Nell’ambito delle dimensioni cognitive, lo stesso andamento crescente riguarda le operazioni di scrittura, di problem-solving e infine l’attitudine e il tempo speso a formarsi ed informarsi. La figura 2, che presenta i risultati per l’aggregazione degli indici di fonte PIAAC secondo la metodologia proposta da Peri e Sparber (in American Economic Journal: Applied Economics 2009), aiuta a sintetizzare e rendere più nitido il quadro: il tempio medio impiegato in attività manuali decresce con l’età e quello impiegato in attività di altro tipo quali quelle cognitive, interattive e soprattutto quelle organizzative hanno aumenta con l’avanzare dell’età.

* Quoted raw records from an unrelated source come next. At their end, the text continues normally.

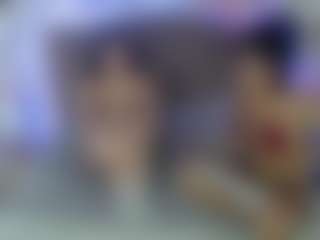 CEELESTEROUS's Live Sex Cam Show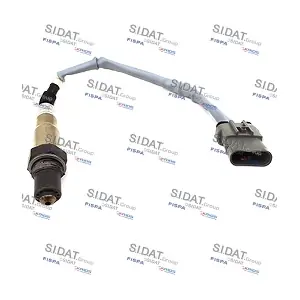90547 FISPA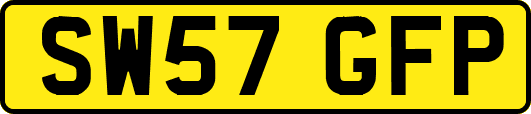SW57GFP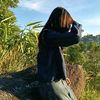 bby_ban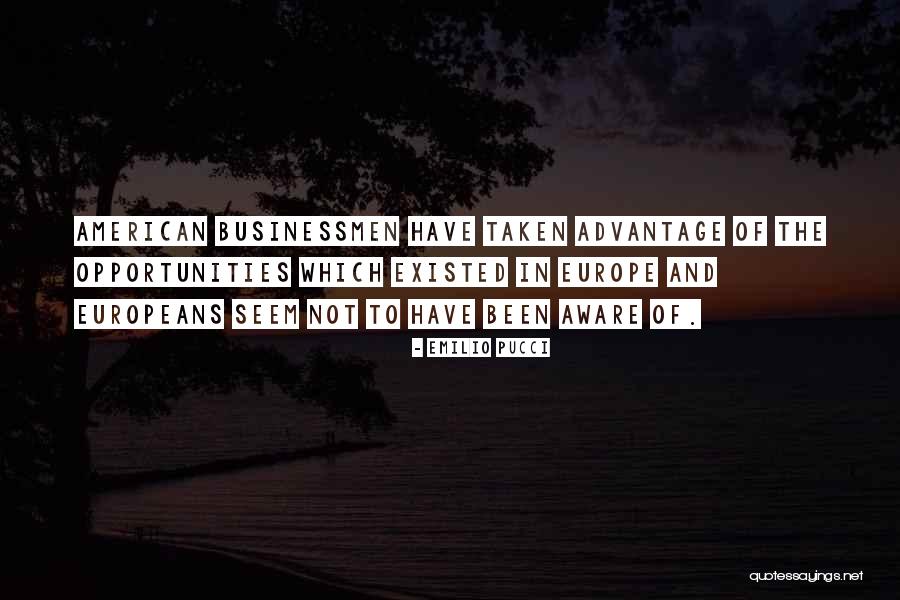 Phototoxicity On Lips Quotes By Emilio Pucci Phototoxicity On Lips Quotes By Emilio Pucci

Si può notare facilmente che le attività e le capacità con una relazione crescente con l’età si concentrano spesso in occupazioni relative al segmento più ricco del mercato del lavoro, come il mondo delle professioni e del management. Nel disegnare le politiche per l’invecchiamento attivo e quelle previdenziali ciò suggerisce l’importanza di considerare anche gli aspetti di disuguaglianza tra lavoratori anziani. Allo stesso tempo questa divisione evoca anche la distinzione tra capacità che si apprendono e capacità che si sviluppano, distinzione che è alla base delle analisi su quali lavori siano più o meno a rischio di essere sostituiti dalle macchine (Autor in Journal of Economic Perspectives, 2015).

In ogni caso, l’evidenza rilevante è la fortissima eterogeneità tra le attività, le capacità e quindi il ruolo nel processo produttivo di anziani e non. Questo conferma la nostra ipotesi di una rilevante forte complementarità tra generazioni diverse, in accordo alla quale sarebbero indicate politiche del lavoro che affrontino il tema dell’invecchiamento in una logica del passaggio del testimone anziché in quella della rottamazione e del conflitto intergenerazionale.